Il a suffi d’un sourire timide devant les photographes pour que des voix s’élèvent en Suisse, affirmant qu’Ignazio Cassis s’était laissé bercer par les Russes. En coulisses aussi, la guerre place l’appareil bernois devant des défis insoupçonnés. Les experts travaillent fébrilement à l’analyse des menaces de Vladimir Poutine et à l’évaluation des conséquences possibles pour la Suisse. Peu après le voyage du président de la Confédération, le Service de renseignement (SRC) a présenté une sorte de bilan intermédiaire. Le SonntagsBlick a pu consulter ces documents confidentiels. Il en ressort que la pression sur la Suisse neutre devrait encore augmenter dans les mois à venir.
Utilisation d’armes nucléaires très improbable
Le SRC s’accorde avec d’autres observateurs pour dire que les Russes ne pourront guère compenser les récents revers subis sur le front.
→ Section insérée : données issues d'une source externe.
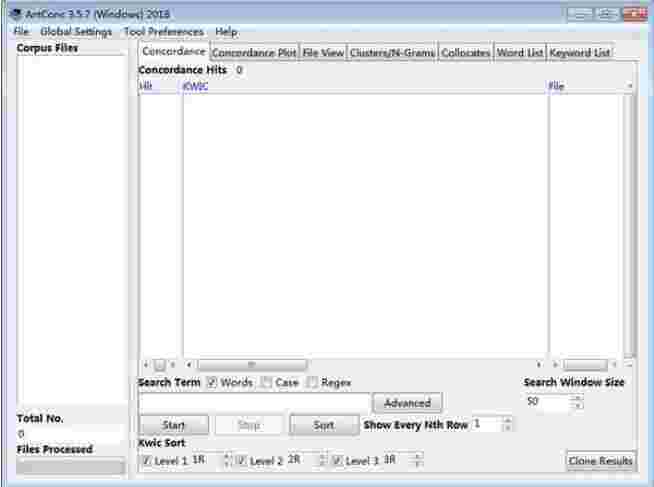 AntConcv3.5.7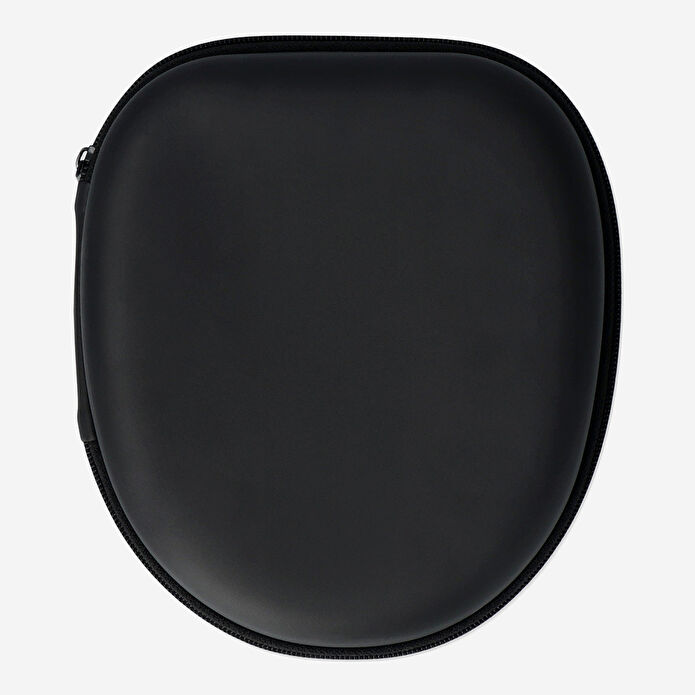 Flying Tiger Copenhagen Siyah Kulaklık Kılıfı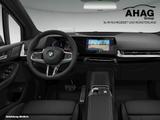BMW 220i - gebrauchte Kleinbusse in Braunschweig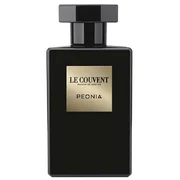 LE COUVENT Peonia Parfemovaná voda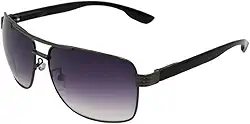Óculos de Sol Aviador Clássico Premium Original Retrô Metal UV400 Unisex Feminino Masculino - Modelo Toronto - Cacife Brand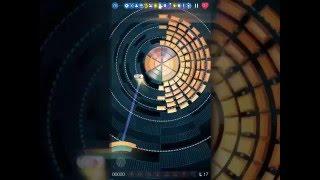 Impulse! - Best Brick Breaker for iOS!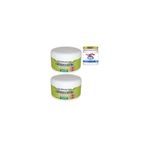 Çörek Otu Ağrılar İçin XL Boy Krem 2x200 ml+50 ml Snow Kitten Krem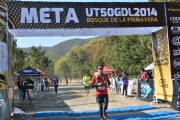 W955512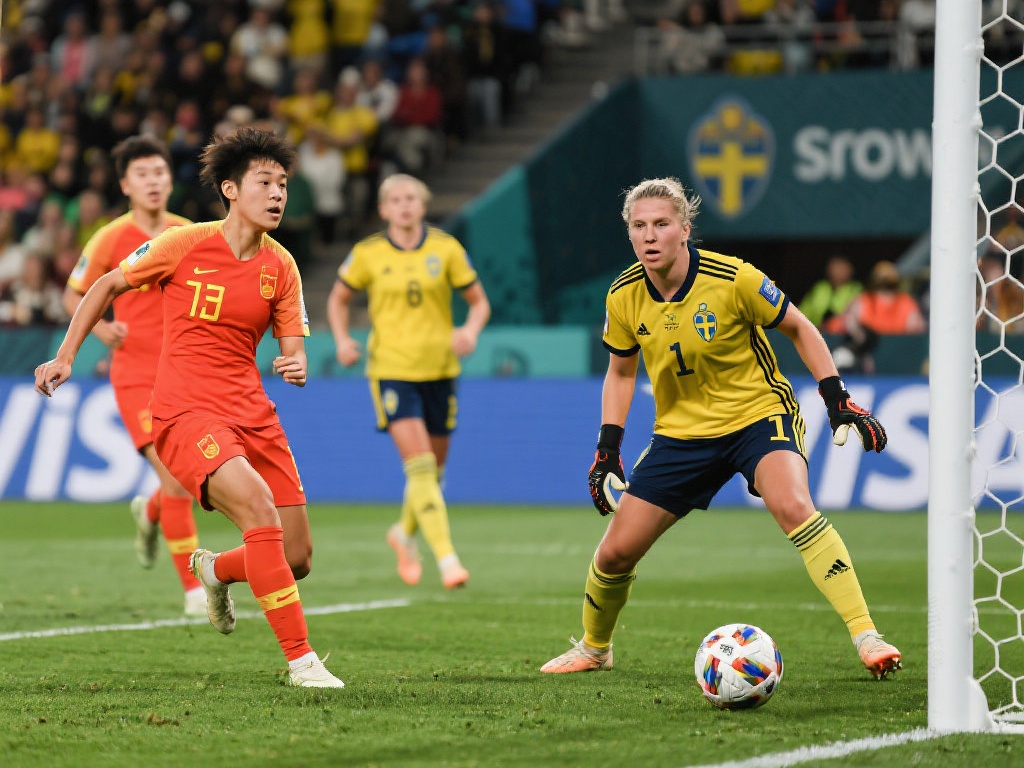 之间的契合 之间的契合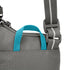 Pacsafe Go Tech Crossbody Bag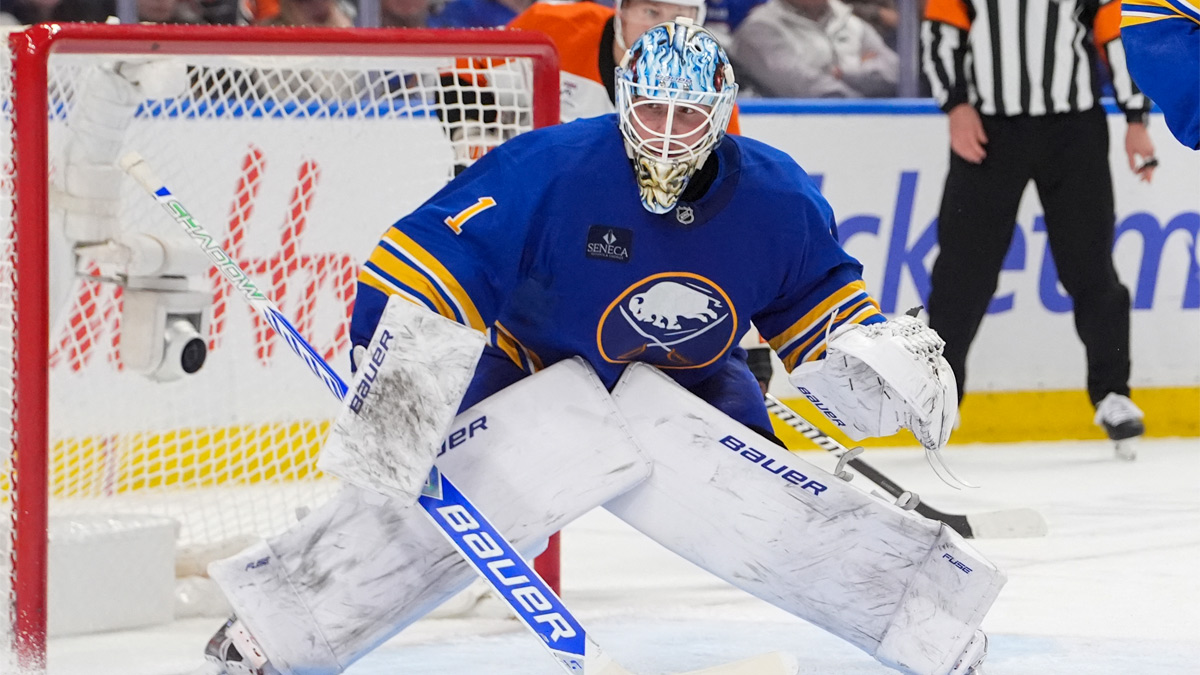 https://wp.clutchpoints.com/wp-content/uploads/2026/10/Ukko-Pekka-Luukkonen.jpg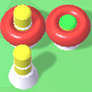  Full Stacks icon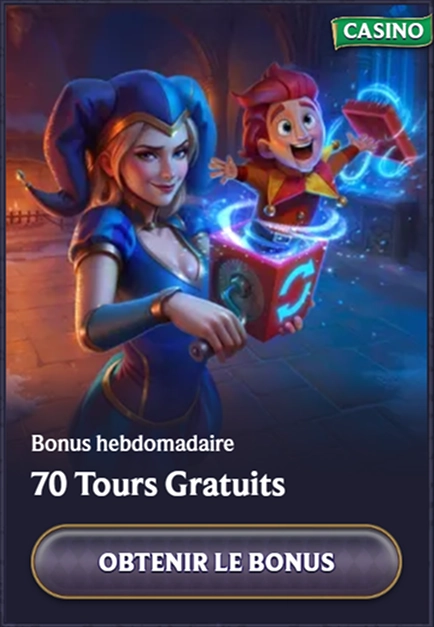 bonus-3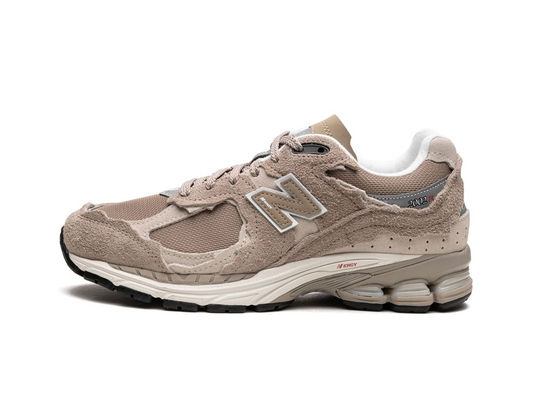 New Balance 2002R zaštitni paket Driftwood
Il ne serait donc pas très réaliste que l’armée de Vladimir Poutine soit en mesure de «mener des actions offensives décisives en Ukraine au cours des deux prochains mois». Il s’agit plutôt pour le président russe de compenser les pertes subies et de démontrer sa force à l’intérieur.
Le SRC estime par ailleurs que l’utilisation d’armes nucléaires russes est très improbable. Cela n’empêche pas aux services de renseignement d’évaluer plusieurs scénarios: d’un essai d’arme nucléaire au-dessus de la mer Baltique («peu probable») en passant par un échange de coups avec l’OTAN («extrêmement improbable»).
La mobilisation partielle de la Russie, déjà en cours, a un impact plus important que la menace nucléaire. Celle-ci représente «une nouvelle étape d’escalade», écrit le SRC. «La poursuite du conflit est liée à des conséquences de grande portée dans les domaines de la diplomatie, de la politique, de l’économie, de l’énergie et de la migration.» L’environnement sécuritaire de la Suisse est sous pression, la situation est volatile, constate encore le Service de renseignement. «La pression sur la Suisse continue d’augmenter malgré sa neutralité et les bons offices qu’elle propose.»
De fait, lors de son entretien avec Ignazio Cassis, Sergueï Lavrov avait critiqué le fait que la Suisse se soit écartée de sa neutralité actuelle. A l’inverse, selon le SRC, les Etats occidentaux pourraient se départir de la réserve dont ils faisaient preuve jusqu’ici dans la livraison d’armes lourdes à l’Ukraine. Une évolution qui ne devrait guère élargir la marge de manœuvre du Conseil fédéral.